Despite David Cameron’s resignation, there were real hopes among Tory MPs that the bitter internal divisions seen in the referendum campaign could be avoided during the leadership election to choose his successor. After all, the Europe issue, which has been a fault line through the party since Thatcher’s fall in 1990, had finally been resolved. The word on many Tory lips this week was: “We are all Brexiteers now.”
Of course, there is still tension between Remainers and Leavers. There are still separate groups: some rivals are not speaking to each other or they avoid eye contact. But prospects of healing the referendum wounds were greater under a narrow win for Leave than the same result for Remain, as bitter Outers would have prolonged the civil war until they got another referendum.
However, the rosier scenario of uniting behind a Leave vote ended at 9.02am on Thursday when Michael Gove’s team sent out an email saying that he would run for the leadership because his fellow Vote Leave leader Boris Johnson was not up to the job. The front-runner’s campaign launch became an announcement that he was pulling out of the race, amid cries of betrayal and treachery aimed at Gove.
The maxim that “loyalty is the Tory party’s secret weapon” now looks like a throwback to the era when its leader “emerged”, like a puff of smoke from the Vatican, after secret talks among the party’s grandees.
The unexpected assassination of Boris Johnson will leave deep wounds. There will be sniping during the leadership contest between his erstwhile supporters, who have split different ways, and the Gove camp. A legacy of bitterness will last beyond the declaration of the new leader on 9 September.

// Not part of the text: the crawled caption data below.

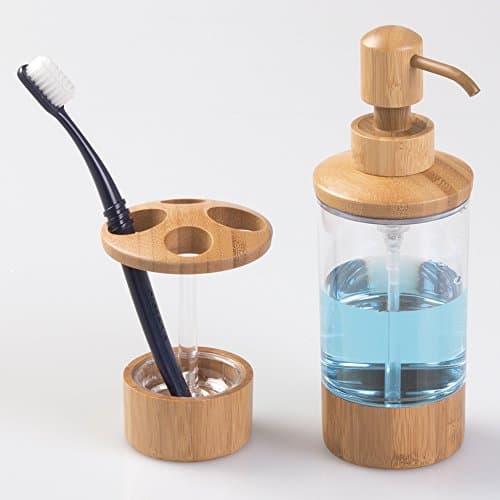 mDesign Bamboo and Plastic Soap or Lotion Dispenser Pump with Toothbrush Holder Stand, 2 pc Bathroom Accessory Set - Clear/Natural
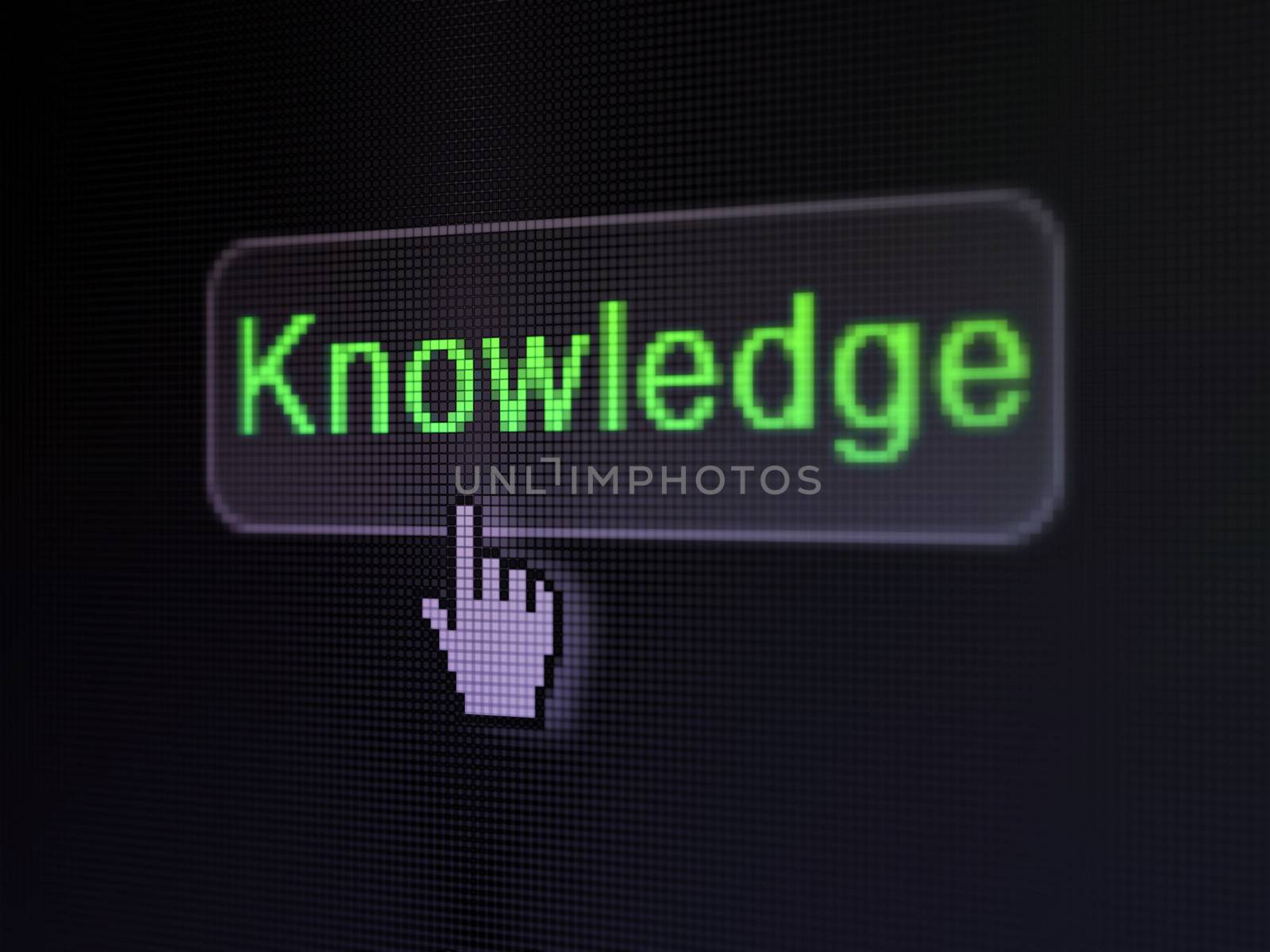 Education concept: pixelated words Knowledge on button with Hand cursor on digital computer screen background, selected focus 3d render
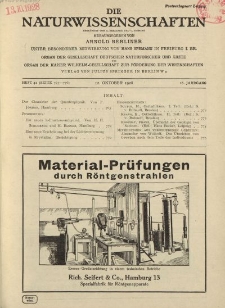 Die Naturwissenschaften. Wochenschrift..., 16. Jg. 1928, 12. Oktober, Heft 41.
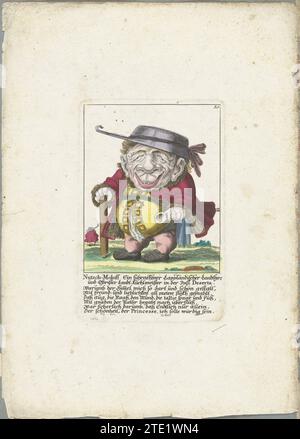De Small mens nutsch -Moloff, env. 1710, 1705 - 1715 de Kleine Mens Nutsch-Moloff, propriétaire à Sápmi (Laponie), époux de la princesse mongole Porzellana Kinkanken. Dans la légende sous le titre un verset de quatre lignes en allemand. Numéroté en haut à droite : 50. Partie d'une édition à feuilles mobiles d'environ 1710 d'une série de caricatures de petites personnes, connue sous le nom de ton nain. Gravure sur papier d'Augsbourg de Kleine Mens Nutsch-Moloff, propriétaire à Sápmi (Laponie), époux de la princesse mongole Porzellana Kinkanken. Dans la légende sous le titre un verset de quatre lignes en allemand. Numéroté A. Banque D'Images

For the Conservative Party to come back together after that, the new leader will need a “reconciliation reshuffle” to bring defeated candidates and their supporters into the Cabinet. That will be easier said than done. Theresa May, the front-runner after Johnson fell at the first fence, and Gove have a long history of Cabinet battles and very different views on issues such as how to tackle Islamic extremism.
So it is not certain that May and Gove would offer each other a Cabinet post if they won or that they would accept one from their rival if they lost. Then there is Boris Johnson. Would he serve to reunite the Tory tribe or keep his head down in the hope of reviving his leadership hopes after the 2020 general election? So the personality differences will not disappear overnight when the new PM takes over.
However, all is not lost for the Tories. Despite all the infighting, there is a surprising amount of common ground across the party on policy. On Europe, there will be tensions when the new government has to confront the biggest question: the trade-off between access to the single market and control over EU migration. But on domestic policy, a consensus is already forming around extending Cameron’s One Nation project. The referendum exposed two Britains, and the anger of those at the bottom who have been left behind by globalisation. So the Tories are all talking about action not words on social mobility and a new popular capitalism – including cracking down on abuses of market power, not least in financial services.
The other ray of hope for the Tories is that Labour is in disarray too. Indeed, Labour’s schism is so great that it could split formally between Jeremy Corbyn’s socialist, trade union-backed party and a breakaway social democratic one that includes most Labour MPs.
Whatever their current turmoil, the Tories will not split, and we should not underestimate their ability to mask the tensions inside the party in order to hang on to power.